Ницше в Италии - страница 4

Шрифт
Интервал


Жюль Сюри,
>интервью, записанное в его тетрадях Морисом Барресом
*

Полю Валери

Позвольте мне, мой дорогой Валери, предложить Вам этот скромный и далеко не исчерпывающий очерк о человеке, чье далеко не безоблачное величие Вы так обострённо ощущали, чье безумие и головокружительное опьянение Вам удалось распознать.
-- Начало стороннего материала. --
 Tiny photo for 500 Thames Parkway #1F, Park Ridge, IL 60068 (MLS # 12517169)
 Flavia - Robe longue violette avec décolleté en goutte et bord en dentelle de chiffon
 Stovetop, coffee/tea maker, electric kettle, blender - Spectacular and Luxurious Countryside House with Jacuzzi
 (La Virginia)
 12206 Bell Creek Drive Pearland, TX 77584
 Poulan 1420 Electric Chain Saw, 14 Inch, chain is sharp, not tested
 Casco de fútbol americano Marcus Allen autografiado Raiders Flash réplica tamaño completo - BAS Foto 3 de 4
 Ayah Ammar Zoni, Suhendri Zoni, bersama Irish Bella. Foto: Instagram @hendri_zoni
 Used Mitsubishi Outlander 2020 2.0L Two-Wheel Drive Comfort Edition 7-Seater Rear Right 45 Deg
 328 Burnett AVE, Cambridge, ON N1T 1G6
Возможно, мне бы и в голову не пришло поместить Ваше имя в самом начале этих страниц, если бы мы недавно не заговорили о Генуе во время нашей случайной встречи. Это тот самый город, который Вы, как и Ницше, любили, и где Вы, как и он, на двадцатом году своей жизни вступили в мучительную духовную борьбу, в результате которой Вы отказались пожинать плоды своей славы, будучи в слишком молодом возрасте, тогда как Ницше, напротив, решил ни на минуту не медлить с ее обретением. Вы были правы, что не спешили, но и он не ошибся в том, что торопил себя. Не прошло и десяти лет после его первой генуэзской зимы, как наступил тот омрачённый, памятный нам, туринский декабрь. И в тот момент, не Вы ли написали о Ницше: «Тогда я не понимал, что этот порывистый и дальновидный дух не покончил с тем, что не поддается доказательной силе…» И мы, дорогой Валери, до сих пор не покончили с этим. Как только любовь или ненависть отнимают свою долю творческой энергии у разума, непостижимое разрастается и овладевает главным смыслом наших суждений. И если это происходит за счет их прочности, то, возможно, не без того, чтобы привнести в них движение, пристрастность: да, они становятся уязвимыми, но, в то же время, такими живыми.


Гай де Пуртале


В этом и заключается страстная сторона моих поисков Ницше. Возможно, я лишь поддался «полезным дурным предчувствиям», которые Вы рекомендуете для приближения к нему. В таком случае прошу извинить меня: предлагаемая череда образов призвана проиллюстрировать лишь абсурдную, но непреклонную логику сердца этого властителя мысли.

Июль 1929 г.

Гай де Пуртале

Странник без багажа

Тот, кто видит, что любовь, с которой он жил долгое время, угасает в нем, призывает смерть прийти ему на помощь. Но смерть редко откликается на подобную мольбу. А потому, увы, приходится жить. Выживать. Раненый приподнимается, перевязывает рану, как может, – и спасается бегством. «Путешествуй», – говорят ему. И он убегает со своей тенью. Возможно, вы встретите его спустя месяцы или годы, исцеленного. На вид исцеленного. Но в глубине души никто никогда не оправится от омертвевшей любви. Это уже не тот человек, которого вы увидите снова. И все же это он, его глаза, его улыбка, его рукопожатие. Но он погружен в то «гулкое одиночество», в котором, по словам Сен-Жан де ла Круа, онемевшая реальность обретает совсем иной голос.